Great post, thank you for writing this! Your list of natural-seeming ideas is very thought provoking.
The idea that there is a simple yet powerful theoretical framework which describes human intelligence and/or intelligence in general.
I used to think that way, but now I agree with your position more. Something like Bayesian rationality is a small piece that many problems have in common, but any given problem will have lots of other structure to be exploited as well. In many AI problems, like recognizing handwriting or playing board games, that lets you progress faster than if you’d tried to start with the Bayesian angle.
We could still hope that the best algorithm for any given problem will turn out to be simple. But that seems unlikely, judging from both AI tasks like MNIST, where neural nets beat anything hand-coded, and non-AI tasks like matrix multiplication, where asymptotically best algorithms have been getting more and more complex.

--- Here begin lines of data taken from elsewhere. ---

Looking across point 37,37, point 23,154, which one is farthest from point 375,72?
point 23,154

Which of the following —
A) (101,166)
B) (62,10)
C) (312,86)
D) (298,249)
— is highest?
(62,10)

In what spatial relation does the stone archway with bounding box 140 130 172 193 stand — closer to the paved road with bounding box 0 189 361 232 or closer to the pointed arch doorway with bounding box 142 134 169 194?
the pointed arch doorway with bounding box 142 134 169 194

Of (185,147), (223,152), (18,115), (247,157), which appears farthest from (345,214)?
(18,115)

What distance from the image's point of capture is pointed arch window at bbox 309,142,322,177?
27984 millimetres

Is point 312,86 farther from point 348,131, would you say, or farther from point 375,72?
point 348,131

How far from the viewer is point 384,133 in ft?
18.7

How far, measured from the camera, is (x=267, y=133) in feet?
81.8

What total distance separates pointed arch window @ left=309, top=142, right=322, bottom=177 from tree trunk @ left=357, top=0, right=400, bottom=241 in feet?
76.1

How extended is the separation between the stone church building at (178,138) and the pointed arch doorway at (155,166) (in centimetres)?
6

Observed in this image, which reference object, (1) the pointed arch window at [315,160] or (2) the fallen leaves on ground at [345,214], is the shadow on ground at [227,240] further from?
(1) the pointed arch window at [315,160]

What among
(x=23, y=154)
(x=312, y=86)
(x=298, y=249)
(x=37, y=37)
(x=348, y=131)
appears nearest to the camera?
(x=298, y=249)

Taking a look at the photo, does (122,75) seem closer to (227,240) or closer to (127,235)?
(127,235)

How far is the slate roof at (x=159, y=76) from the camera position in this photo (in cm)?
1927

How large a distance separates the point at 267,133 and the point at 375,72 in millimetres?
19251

As a rule, algorithms don’t get simpler as they get better.
I’m not sure what you changed your mind about. Some of the examples you give are unconvincing, as they do have simple meta-algorithms that both discover the more complicated better solutions and analyse their behavior. My guess is that the point is that for example looking into nuance of things like decision theory is an endless pursuit, with more and more complicated solutions accounting for more and more unusual aspects of situations (that can no longer be judged as clearly superior), and no simple meta-algorithm that could’ve found these more complicated solutions, because it wouldn’t know what to look for. But that’s content of values, the thing you look for in human behavior, and we need at least a poor solution to the problem of making use of that. Perhaps you mean that even this poor solution is too complicated for humans to discover?
There’s a difference between discovering something and being able to formalise it. We use the simple meta-algorithm of gradient descent to train neural networks, but that doesn’t allow us to understand their behaviour.

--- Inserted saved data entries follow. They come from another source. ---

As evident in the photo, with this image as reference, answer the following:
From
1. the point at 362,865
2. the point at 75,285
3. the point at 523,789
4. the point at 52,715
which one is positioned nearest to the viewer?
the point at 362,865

Also, meta-algorithms which seem simple to us may not in fact be simple, if our own minds are complicated to describe.
My impression is that an overarching algorithm would allow the agent to develop solutions for the specialized tasks, not that it would directly constitute a perfect solution. I don’t quite understand your position here – would you mind elaborating?

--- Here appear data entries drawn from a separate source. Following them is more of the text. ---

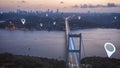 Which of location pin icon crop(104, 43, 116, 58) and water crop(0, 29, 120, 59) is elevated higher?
location pin icon crop(104, 43, 116, 58)

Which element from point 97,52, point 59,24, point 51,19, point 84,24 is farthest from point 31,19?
point 97,52

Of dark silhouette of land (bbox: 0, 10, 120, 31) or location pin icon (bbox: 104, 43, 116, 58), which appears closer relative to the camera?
location pin icon (bbox: 104, 43, 116, 58)

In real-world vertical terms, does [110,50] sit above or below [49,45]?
above

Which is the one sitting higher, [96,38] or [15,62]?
[15,62]

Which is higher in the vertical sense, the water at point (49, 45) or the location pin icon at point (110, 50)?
the location pin icon at point (110, 50)

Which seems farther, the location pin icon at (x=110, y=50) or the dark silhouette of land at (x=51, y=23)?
the dark silhouette of land at (x=51, y=23)

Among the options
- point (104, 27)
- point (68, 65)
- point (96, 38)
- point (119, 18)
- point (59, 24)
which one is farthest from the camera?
point (119, 18)

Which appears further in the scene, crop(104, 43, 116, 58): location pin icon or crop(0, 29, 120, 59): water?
crop(0, 29, 120, 59): water

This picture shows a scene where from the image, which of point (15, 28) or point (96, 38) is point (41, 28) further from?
point (96, 38)

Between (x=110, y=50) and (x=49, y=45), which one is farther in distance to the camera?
(x=49, y=45)

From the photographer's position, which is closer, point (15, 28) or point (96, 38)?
point (96, 38)

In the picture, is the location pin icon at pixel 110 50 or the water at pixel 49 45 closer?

There are many problems to be solved. Each problem may or may not have regularities to be exploited. Some regularities are shared among many problems, like Bayes structure, but others are unique. Solving a problem in reasonable time might require exploiting multiple regularities in it, so Bayes structure alone isn’t enough. There’s no algorithm for exploiting all regularities in all problems in reasonable time (this is similar to P≠NP). You can combine algorithms for exploiting a bunch of regularities, ending up with a longer algorithm that can’t be compressed very much and doesn’t have any simple core. Human intelligence could be like that: a laundry list of algorithms that exploit specific regularities in our environment.
Great post, thank you for writing this! Your list of natural-seeming ideas is very thought provoking.
I used to think that way, but now I agree with your position more. Something like Bayesian rationality is a small piece that many problems have in common, but any given problem will have lots of other structure to be exploited as well. In many AI problems, like recognizing handwriting or playing board games, that lets you progress faster than if you’d tried to start with the Bayesian angle.
We could still hope that the best algorithm for any given problem will turn out to be simple. But that seems unlikely, judging from both AI tasks like MNIST, where neural nets beat anything hand-coded, and non-AI tasks like matrix multiplication, where asymptotically best algorithms have been getting more and more complex. As a rule, algorithms don’t get simpler as they get better.
I’m not sure what you changed your mind about. Some of the examples you give are unconvincing, as they do have simple meta-algorithms that both discover the more complicated better solutions and analyse their behavior. My guess is that the point is that for example looking into nuance of things like decision theory is an endless pursuit, with more and more complicated solutions accounting for more and more unusual aspects of situations (that can no longer be judged as clearly superior), and no simple meta-algorithm that could’ve found these more complicated solutions, because it wouldn’t know what to look for. But that’s content of values, the thing you look for in human behavior, and we need at least a poor solution to the problem of making use of that. Perhaps you mean that even this poor solution is too complicated for humans to discover?
There’s a difference between discovering something and being able to formalise it. We use the simple meta-algorithm of gradient descent to train neural networks, but that doesn’t allow us to understand their behaviour.
Also, meta-algorithms which seem simple to us may not in fact be simple, if our own minds are complicated to describe.
My impression is that an overarching algorithm would allow the agent to develop solutions for the specialized tasks, not that it would directly constitute a perfect solution. I don’t quite understand your position here – would you mind elaborating?
My position goes something like this.
There are many problems to be solved. Each problem may or may not have regularities to be exploited. Some regularities are shared among many problems, like Bayes structure, but others are unique. Solving a problem in reasonable time might require exploiting multiple regularities in it, so Bayes structure alone isn’t enough. There’s no algorithm for exploiting all regularities in all problems in reasonable time (this is similar to P≠NP). You can combine algorithms for exploiting a bunch of regularities, ending up with a longer algorithm that can’t be compressed very much and doesn’t have any simple core. Human intelligence could be like that: a laundry list of algorithms that exploit specific regularities in our environment.
> algorithms don’t get simpler as they get better.
or s you minimize cost along one dimension costs get pushed into other dimensions. Aether variables apply at the level of representation too.